Evangelistic Culture VS Evangelistic Programs


Mack Stiles, in a current blog post for Crossway Books, wrote about 10 Things You Should Know About Evangelism. I found a couple of his points worthy of discussion.

1. Evangelistic programs will kill evangelism.

We need to replace evangelistic programs with a culture of evangelism. Programs are to evangelism what sugar is to nutrition: a strict diet of evangelistic programs produces malnourished evangelism. So, we should feel a healthy unease with regard to evangelistic programs. We must use them strategically and in moderation, if at all.

2. Evangelism flourishes in a culture of evangelism.

Much instruction is given about personal evangelism. And that’s right and good since we’re each called to testify to our own personal encounter with Jesus. But when people are pulling together to share the gospel, when there is less emphasis on getting “a decision,” when the people of God are pitching in to teach the gospel together, a culture forms that leads us to ask “Are we all helping our non-Christian friends understand the gospel?” rather than “Who has led the most people to Jesus?”

For Stiles, developing a culture of evangelism is much better than relying upon programs.
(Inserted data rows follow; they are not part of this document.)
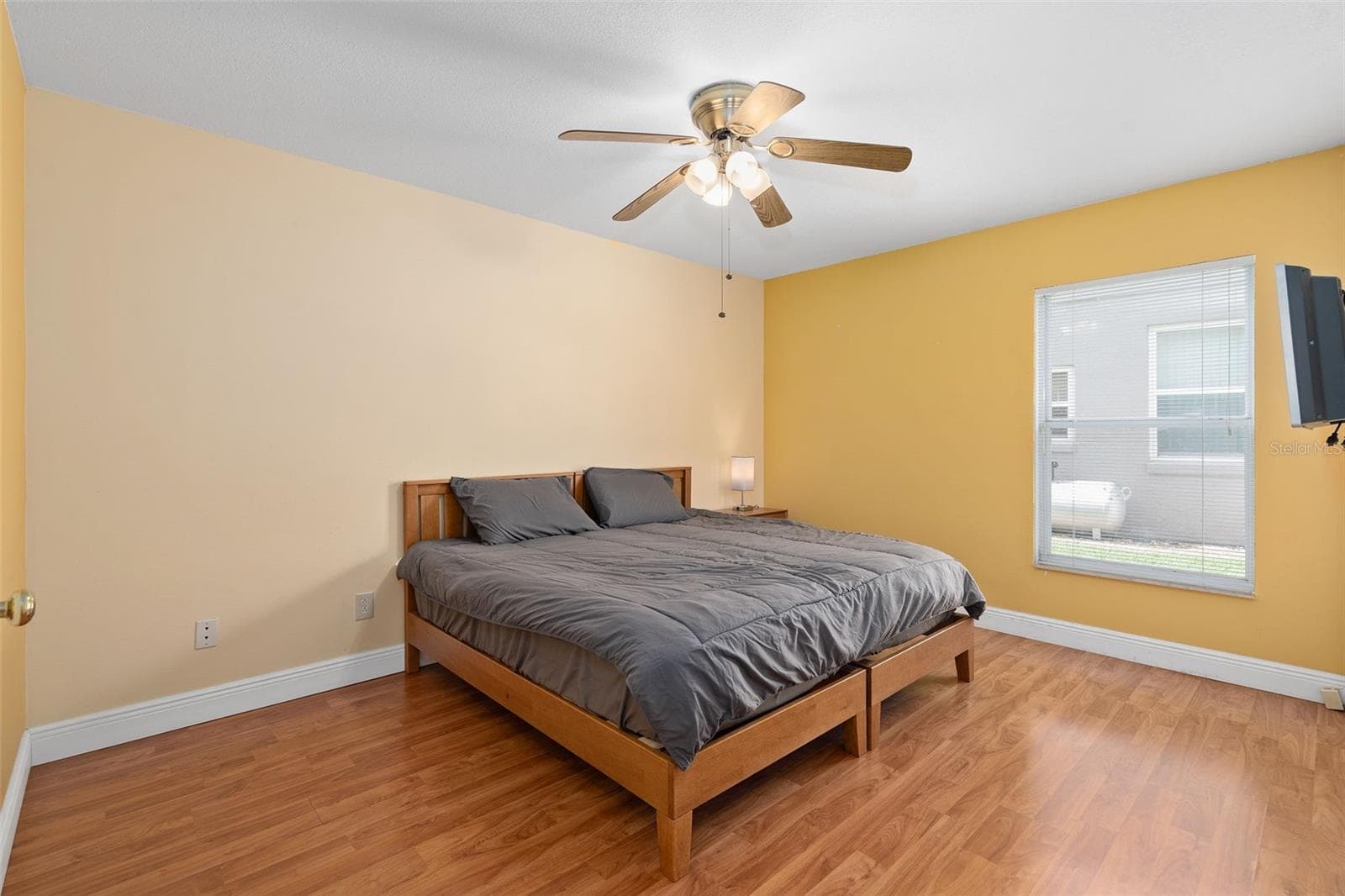 Single Family Residence at 13715 BLUEWATER CIR, ORLANDO, photo 21 of 45
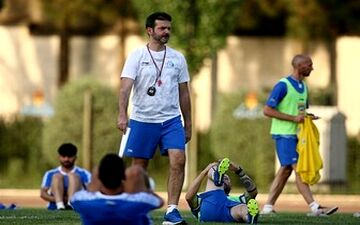 اکران اخراجی‌های ۴ در استقلال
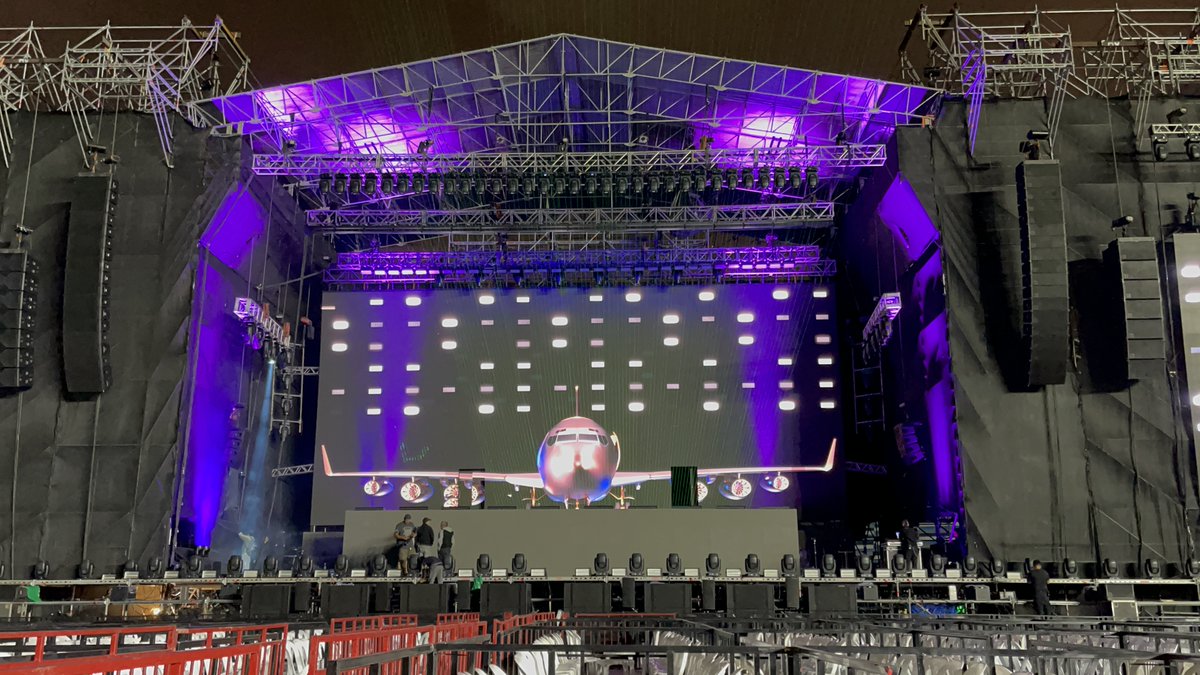novastartech's tweet photo. NovaStar #J6 #MCTRL4K project with Triad Producciones S.A.S in #colombia 🥳
What's better than a party? 🤩
Follow us to know more visual projects! 👏
#novastartech #party #festivel #concert #led #ledsolution #4k #LED #ledsolution #solutions #visual https://t.co/tjw97M0cRO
And I might add that developing a culture is much harder.

Programs tend to be events or campaigns that come and go. It is true that they can serve as catalysts for developing a culture of evangelism, but many times, when the program ends, so does the evangelism. It’s out of sight, out of mind.

A culture of evangelism however, is one which is woven into the very fabric of a body of believers. It is not a special emphasis that is announced every now and then, but is something that is as natural as breathing.

A culture of evangelism is an everyday activity. It belongs to everyone wherever they may be. And it’s not always about the spectacular, but about the ordinary. Tim Chester writes that “most people live in the ordinary, and most people will be reached by ordinary people.”

So what do you think? Programs or culture? Or is there a balance?



4 thoughts on “Evangelistic Culture VS Evangelistic Programs”

  1. These are some great thoughts and something that we are dealing with at our church right now. We are planning a “revival” in the fall, the first one this church has had in a long time. There are those complaining and threatening to not attend and making statements that personal daily evangelism is the better way. The problem is none of them are doing it! I agree that a culture of evangelism is the best way but we have had a hard time getting our folks to do that. They seem to be comfortable and want to stay inside their Christian bubble.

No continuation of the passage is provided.